You simply can never know what is going to happen next in Zahler’s pulp-fiction exploitation tale that is a brutal, uncompromising, unapologetic, and often repugnant journey that is compulsively watchable.

You can say what you want about S. Craig Zahler; His films are born with that mindset that most of his characters directly reflect that concept. He doesn’t coddle you and shows you what the world offers; take it or leave it. Zahler’s Dragged Across Concrete can be brutal, disgusting, repugnant, stomach-turning, and the farthest thing from altruistic as one film can be. The only problem is that it is so compulsively watchable that you can’t turn away. Even for a second. You may start to hate yourself for thinking he has taken exploitation films to the level of an art form.

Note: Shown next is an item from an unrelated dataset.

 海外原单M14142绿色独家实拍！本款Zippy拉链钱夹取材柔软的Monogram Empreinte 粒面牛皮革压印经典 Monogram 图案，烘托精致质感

Mel Gibson and Vince Vaughn star as a pair of detectives who take down a drug dealer, effectively removing hundreds of thousands of dollars of hard-narcotics off the city streets; the problem is, Detective Brett Ridge man (Mel Gibson) used his foot to jam the dealer’s face into the steel fire escape, and later mocked his deaf girlfriend in front of his partner and ex-vet Detective Anthony Lurasetti (Zahler’s player Vince Vaughn), which isn’t in the handbook of proper protocols and procedure.

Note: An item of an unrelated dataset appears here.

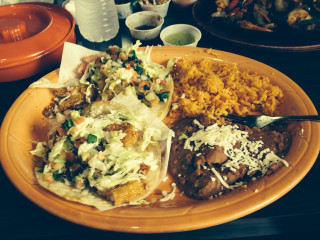 La Estrella Tacos Seafood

Since you can’t Yelp your local police department with a complaint, it was, of course, videotaped from a neighbor’s phone, causing their boss (Don Johnson) to suspend them. He is worried the man he worked side by side with has lost his humanity. Ridgeman has a daughter who is being harassed daily on her way back from school, while his wife (The Walking Dead’s Laurie Holden) has multiple sclerosis, and the bills are piling up even with a steady paycheck. Lurasetti has his own issues, trying to get up the nerve and the scratch to give his long-time girlfriend an engagement ring.

What’s the next logical step? Besides fighting the complaint with his local union rep, Ridgeman uses a tip from an informant to get wind of a robbery taking place in the hopes of intercepting the loot after they steal it. After all, he didn’t commit the crime. He isn’t a peace officer anymore, not right now anyway; he is just collecting on a robbery he had nothing to do with and has “the skills and the right to acquire proper compensation.”

That’s the setup, along with equal treatment storylines that include a recently released ex-con (Tory Kittles, who is fantastic here) who teams up with his childhood best friend Biscuit (Michael Jai White) to get some quick cash. A mother (Jennifer Carpenter) also struggles to leave her newborn home and go back to work while a mysterious man is robbing businesses with a high-powered gun. His identity is always cloaked in black.

The script was also written by Zahler and took a deliberately slow pace, which is needed, after several moments of excessively violent scenes that play out like a hard-boiled crime novel. His films are stylized only because his characters are all remarkably self-assured and comfortable in their own skin while making no apologies for it. Are there racists in Dragged Across Concrete? Sure. Do bad things happen to good people? Absolutely. Does he push the limits of the viewer’s ability to stomach exploitation in the film? You got that right.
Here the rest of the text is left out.